Durante quello spazio che la scrittrice si concesse nel tempo che continuava a trascorrere quotidianamente per tutti i suoi affetti, non solo apprezzò e prese nota dello sviluppo di una pianta. Portava con sé anche i dialoghi che intratteneva ogni giorno con i suoi cari, e prendeva nota di ciascuno, come antropologa della propria vita. Le consigliarono serie come Una mamma per amica, la incoraggiarono con la loro visione dell’idea di campo, e ricevettero anche richieste specifiche da chi capì che sarebbero state l’oggetto dei suoi scritti: “Fammi giovane e magra”, era la frase di sua zia. richiesta. E l’autore annota: “Ho deciso di scrivere di quei sette giorni con il tono di ‘durante’ quei giorni, che dà quella sensazione della realtà quotidiana e ha anche la logica di un inizio e di una fine. Ho deciso che nel campo sarebbero stati menzionati coloro che mi circondavano, come mia zia, che pretendeva che la rendessi giovane e magra”.

Il resto della sua gente continuava la vita mentre lei guardava in pausa, e quando un’amica la chiamò, lei colse l’occasione per interrogarli sulle loro giornate, per aggiungere qualcosa al libro. “Interromperei la chiamata e inizierei a registrare quello che mi hanno detto. È stato divertente, aveva qualcosa di giocoso”.

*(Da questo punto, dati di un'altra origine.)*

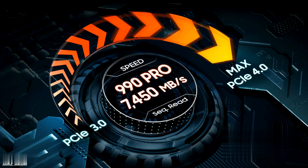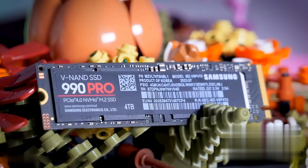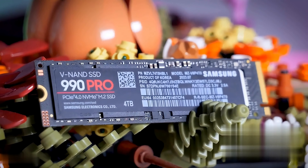Get ready to embark on a lightning-fast journey with the Samsung 990 Pro SSD. This remarkable storage solution outperforms its predecessor with a jaw-dropping 40% increase in random speeds. Loading times will be a thing of the past as this SSD achieves sequential speeds of up to 7,450 MB per second. It's time to level up your gaming.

L’entusiasmo di Irina è stato traboccante, al punto che lei stessa ha espresso: “Ero emozionata, sono uscita un po’ da me stessa. Stavo attraversando il processo di trattamento che aveva delle date ed era stressante. Ma sono entrato in questa proposta personale e ho avuto un’accelerazione tremenda, entusiasta di quel campo, che ho sostenuto fino alla fine. Ed è stato prima del lockdown, quando ho informato gli amici del mio progetto, che Giordano mi ha proposto di pubblicarlo in Mini Bulk”.

Ma in quel periodo registrò anche pensieri e situazioni degne di fantascienza: diventare di colore fluorescente o extraterrestre a causa del trattamento radioattivo, e perfino un momento di suspense cinematografica quando una notte ebbe paura di una presenza spettrale. A questo proposito ammette: “Ho molta paura, e pensavo che sarei andata a vivere da sola in una casa che non era mia, e ho anche chiesto a María se un ladro non potesse entrare da qualche parte, e ad un certo punto Avevo paura.” “.

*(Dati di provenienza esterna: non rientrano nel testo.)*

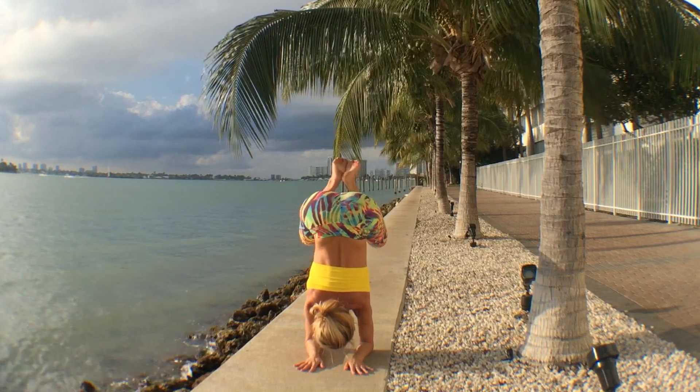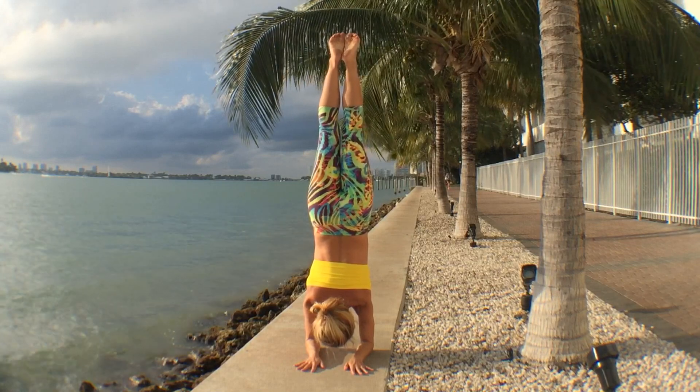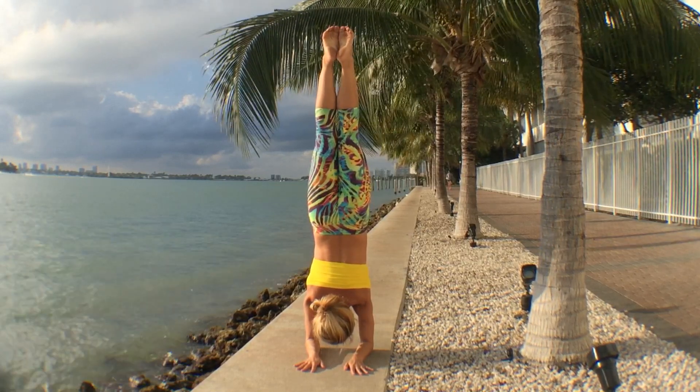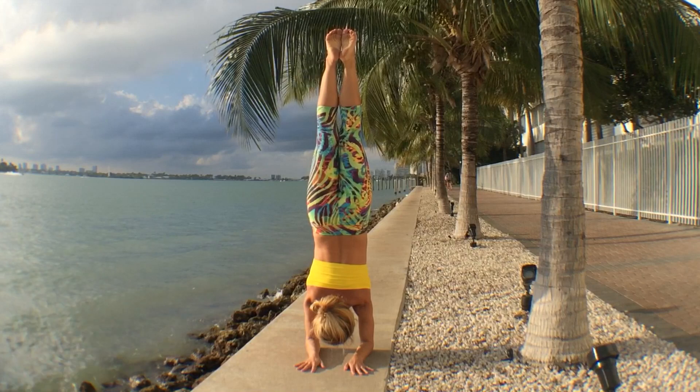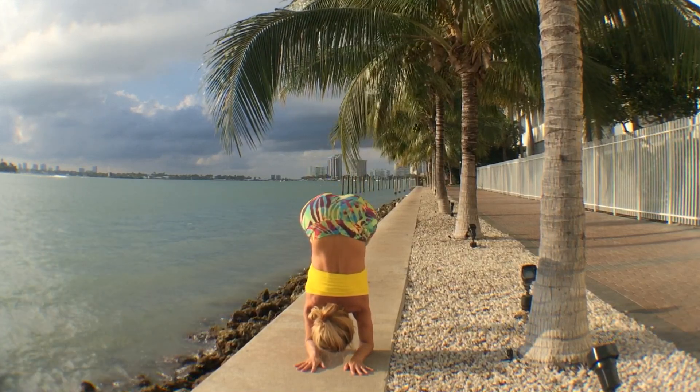Don't stay down too long. Quick — send your hips forward, squeeze the thighs in towards each other, and point your toes right up to the ceiling or to the sky. Find that vertical line again by pressing up with the shoulders, pointing your toes, and then fold your body, pivoting through the hip joints to reach all the way down.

Tra i riferimenti letterari c’è anche la poesia di Katherine Mansfield, e un romanzo di Silvya Plath, ‘La campana di vetro’, che ha letto poco prima del parto. Da qui ha tratto un’idea sulla “tragica linea della giovinezza, che suggerisce che ci sono molte opzioni, e poi si perdono. Mi interessava la sua idea secondo cui si possono vivere gli eventi in due modi: tragici o comici. È come il film di Woody Allen, Melinda e Melinda. È la stessa storia nella versione tragedia e in quella commedia. Tutto viene vissuto secondo il punto di vista, e io ne stavo elaborando una parte.”

Il libro Camp si legge come un diario personale, ma può essere anche una storia, o tante, o degli haiku. In una prosa limpida, ogni giorno raccontato da Irina funziona come una micro-storia. A questo proposito ha spiegato: “Mi sono preoccupato molto di come suonasse ogni parte, più che di raccontare tante cose. Gli amici mi hanno detto che dirà di più. Ma mi interessava di più l’effetto che una domanda, un’immagine, un silenzio producono sulla pagina di una sola frase. Il romanzo di poesia di Kamenszain circola sempre».